Why are we asking this now?

Nine weeks into a strike that has brought film and television production ever closer to a standstill, Hollywood's writers have just pulled off their biggest propaganda coup to date sabotaging the glittery Golden Globes award show scheduled for this coming Sunday. The writers announced almost a month ago that they were picketing the event and most likely the Oscars as well and the actors' union quickly made clear that its members would not cross any picket lines in solidarity.

So, how have the organisers reacted?

The Hollywood Foreign Press Association the improbably influential collection of mostly freelance entertainment journalists which runs the Globes finally announced this week that it was replacing the red carpet and formal dinner at the Beverly Hilton hotel with a bare-bones news conference to unveil the winners. And NBC, the network with exclusive rights to the event, decided that it would go ahead and televise the announcements in the hope of spotting a celebrity or two in the hotel lobby. That hope started dwinding almost immediately studio after studio is now cancelling the parties they had originally planned in and around the Beverly Hilton after the ceremony. No point, after all, in throwing a celebrity bash if no celebrities show up.

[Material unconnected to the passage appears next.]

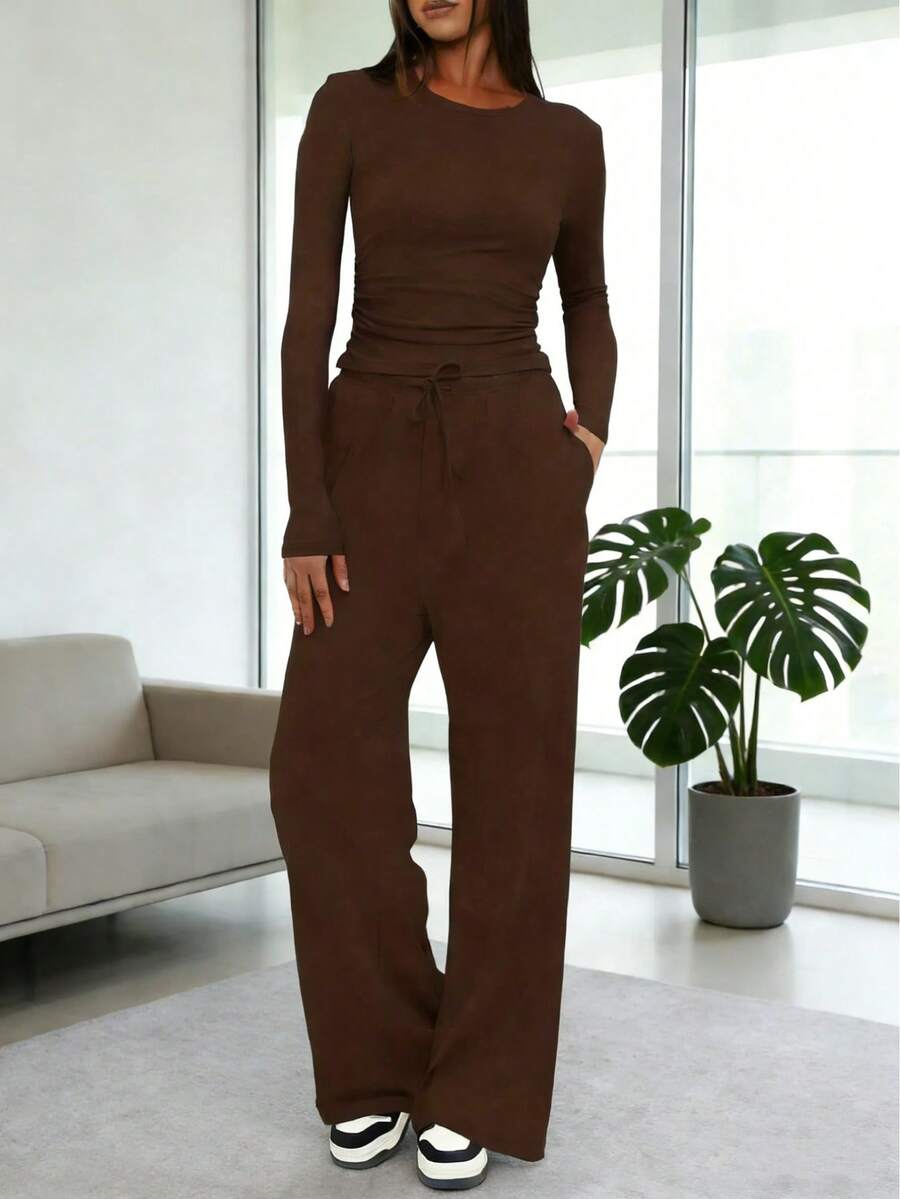 Women's Casual Clothing Solid Color Two-Piece Women's Casual Waist Pleated Long-Sleeved Top With Trousers Suit - nâu sẫm - Xem 1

What effect will the cancellation have?

In objective terms, it's not the most significant development of the walk-out, but it is the one generating the most ink. In a town that lives off buzz, that's no small feat. It means the writers and the actors are still united and still hanging tough. It means NBC facing the prospect of life without its staple diet of scripted dramas and comedies as the writers' stoppage continues is so desperate for fresh programming that it is prepared to devote several hours of prime Sunday-night airtime to a complete non-entity reading out a list from behind a podium. It means the Hollywood Foreign Press Association will be losing a significant chunk of its usual cash cow based on licensing rights, which are in turn based on advertising revenue for which nobody should express the remotest sympathy. And it means the studios will lose a valuable promotional tool to push their prestige titles films like Atonement and No Country For Old Men and Sweeney Todd which rely on the awards season hype to put bums on cinema seats.

Is this going to be a red carpet-free year?

Not quite. A few of the lesser shows will go on as normal. On Monday night, the Critics' Choice awards not an event ever governed by Writers Guild rules went ahead at the Santa Monica Civic Auditorium. Last night, the equally obscure People's Choice awards were also due to proceed as normal. The Screen Actors Guild, with the writers' blessing, will pull out all the stops next month to celebrate the achievements of its own members. But that's about the extent of the opportunities for celebrity designer dress spotting in 2008.

How significant a figure in the strike is George Clooney?

Not very. The Sunday Times reported last weekend that Clooney was being seen as a major force behind the actors' decision not to participate in the Golden Globes or the Oscars but his publicist dismissed the story as "100 per cent false". Clooney is a member of the Screen Actors Guild and the Writers Guild, and the Directors Guild and supports the strike. But he isn't directly involved in organising or negotiating anything.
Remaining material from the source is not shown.